§ Assignment
Please transcribe exactly the line that holds "ECCO Classic Black" and all lines that follow it to the end of the records below, omitting any pictures.

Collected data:
————————
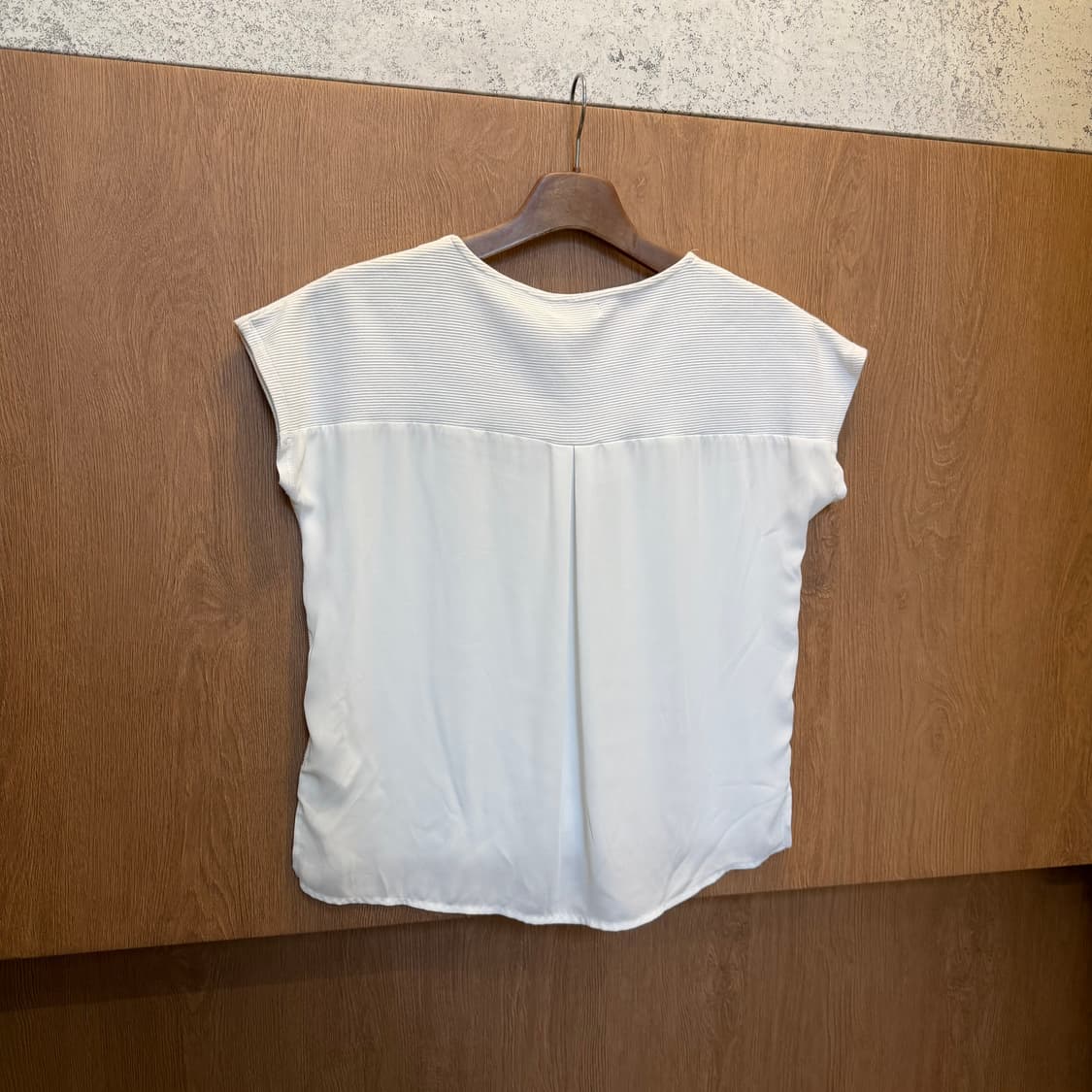 빔즈 하트 슬릿넥 슬리브리스 블라우스 레이어드 디테일 루즈핏 아이보리 상품이미지2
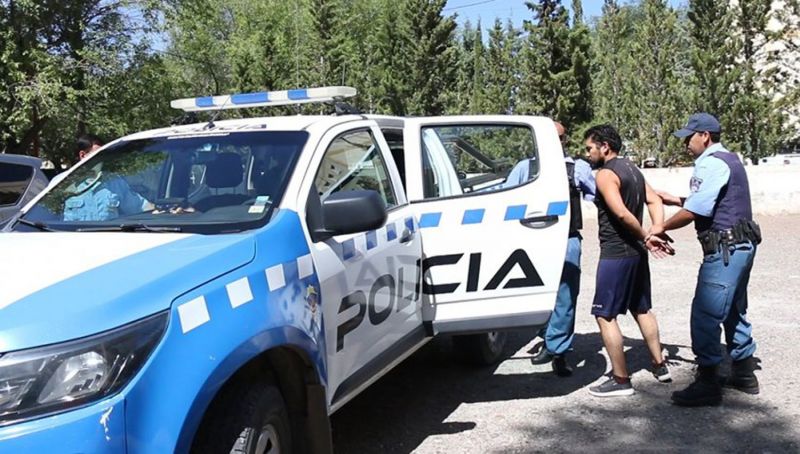 Conmoción en Neuquén: dos jóvenes decapitaron a su padre y se tomaron selfies con el cadáver
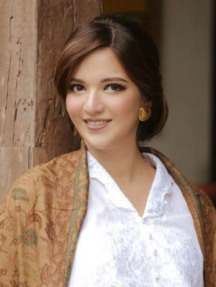 Nia Ramadhani 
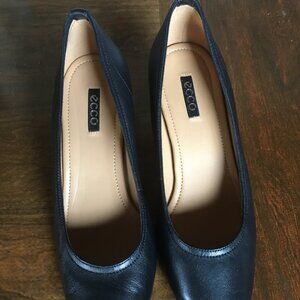 ECCO Classic Black Pump (New In Box - Never Worn)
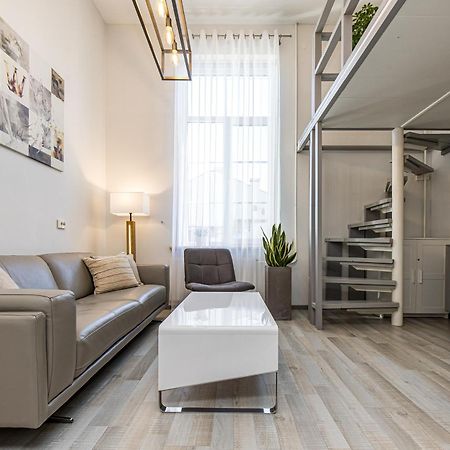 Loft Apartment In Klaipeda Oldtown エクステリア 写真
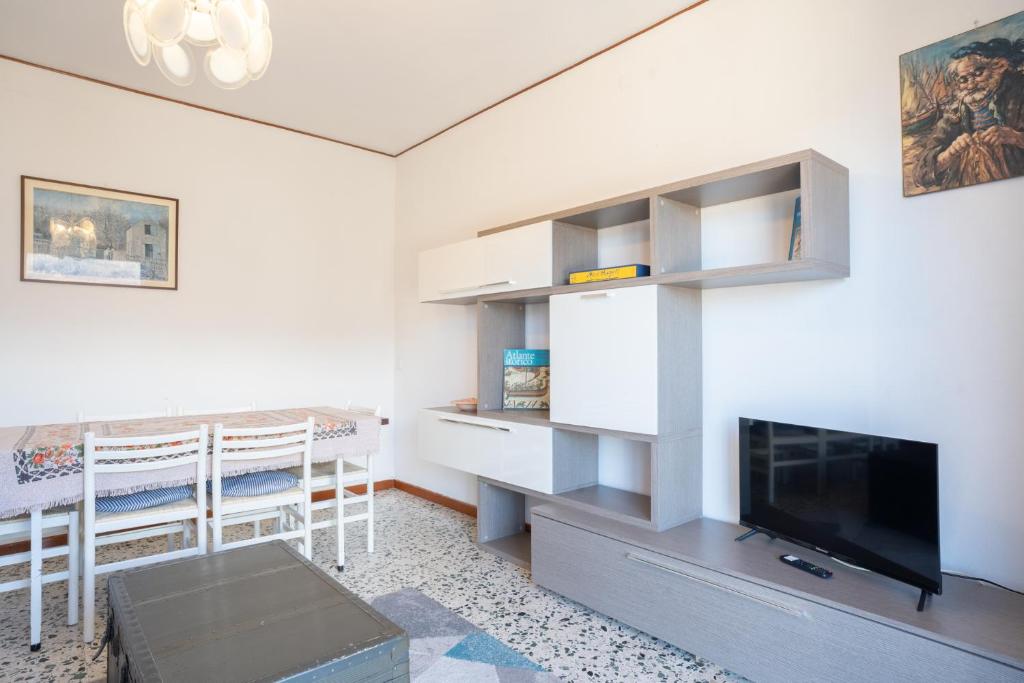TV a/nebo společenská místnost v ubytování Bellavista - Residence in Barzio center near free ski shuttle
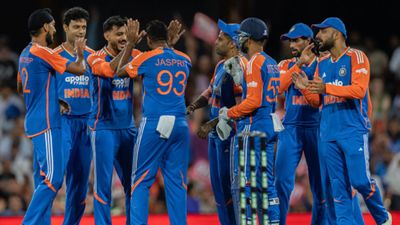 Indian Team 2025 Report Card: टीम इंडिया किस फॉर्मेट में रही हिट तो कहां हुई फ्लॉप, खुल गई सारी सच्चाई SportsTak Hindi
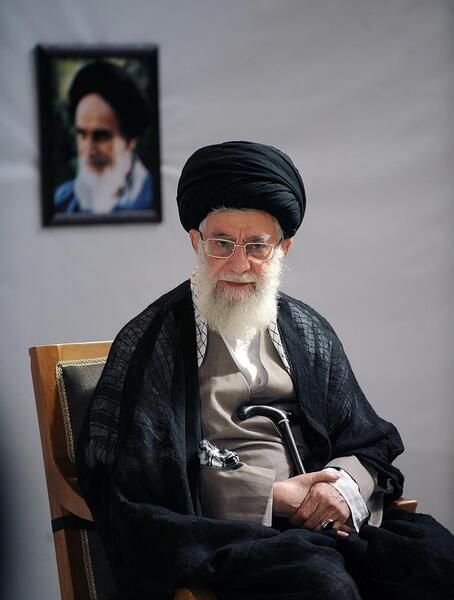 عکس سیاه سفید امام خامنه ای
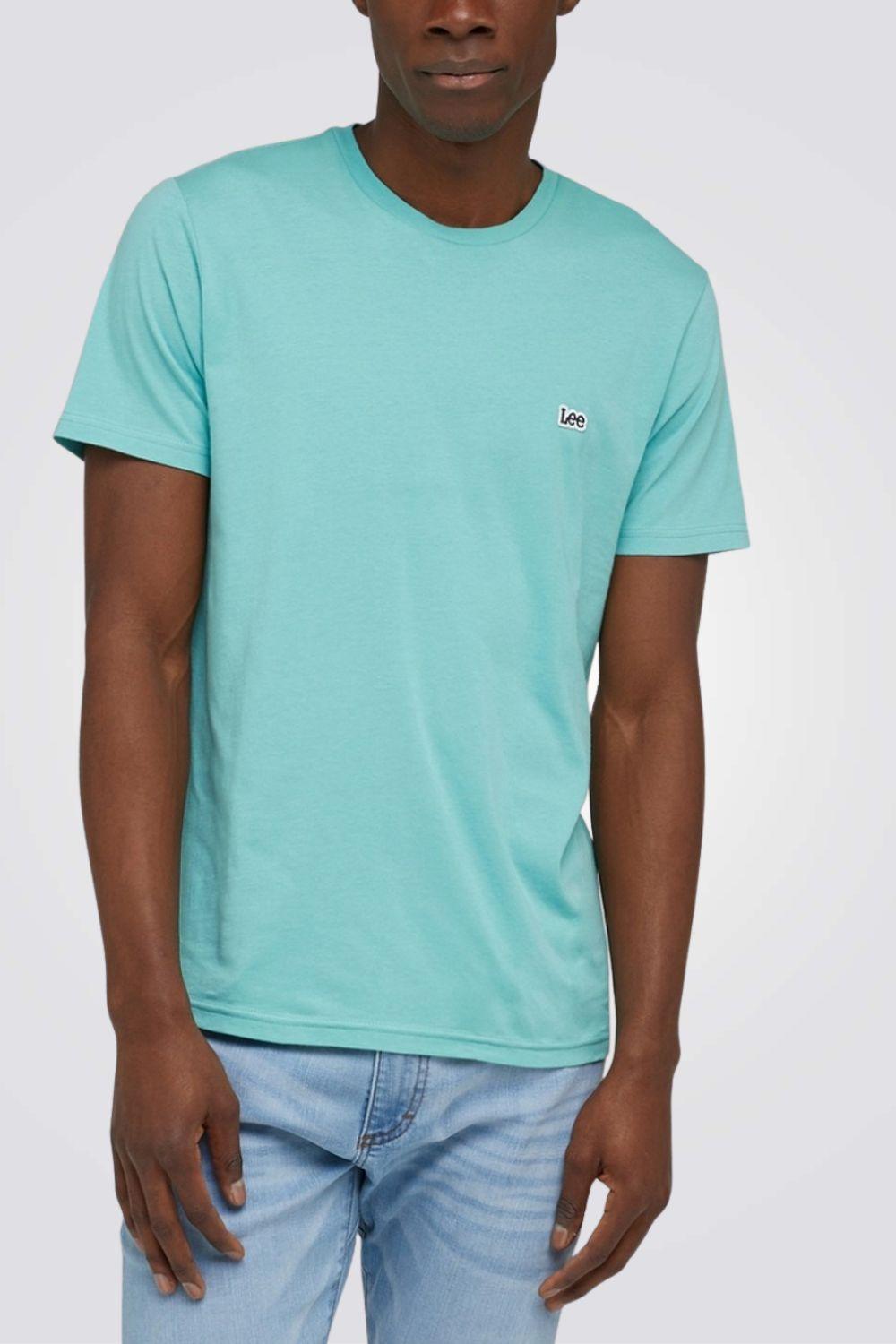 LEE - טישירט SS PATCH LOGO TEE בצבע תכלת - MASHBIR//365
————————
§ Solution
 ECCO Classic Black Pump (New In Box - Never Worn)
 Loft Apartment In Klaipeda Oldtown エクステリア 写真
TV a/nebo společenská místnost v ubytování Bellavista - Residence in Barzio center near free ski shuttle
 Indian Team 2025 Report Card: टीम इंडिया किस फॉर्मेट में रही हिट तो कहां हुई फ्लॉप, खुल गई सारी सच्चाई SportsTak Hindi
 عکس سیاه سفید امام خامنه ای
 LEE - טישירט SS PATCH LOGO TEE בצבע תכלת - MASHBIR//365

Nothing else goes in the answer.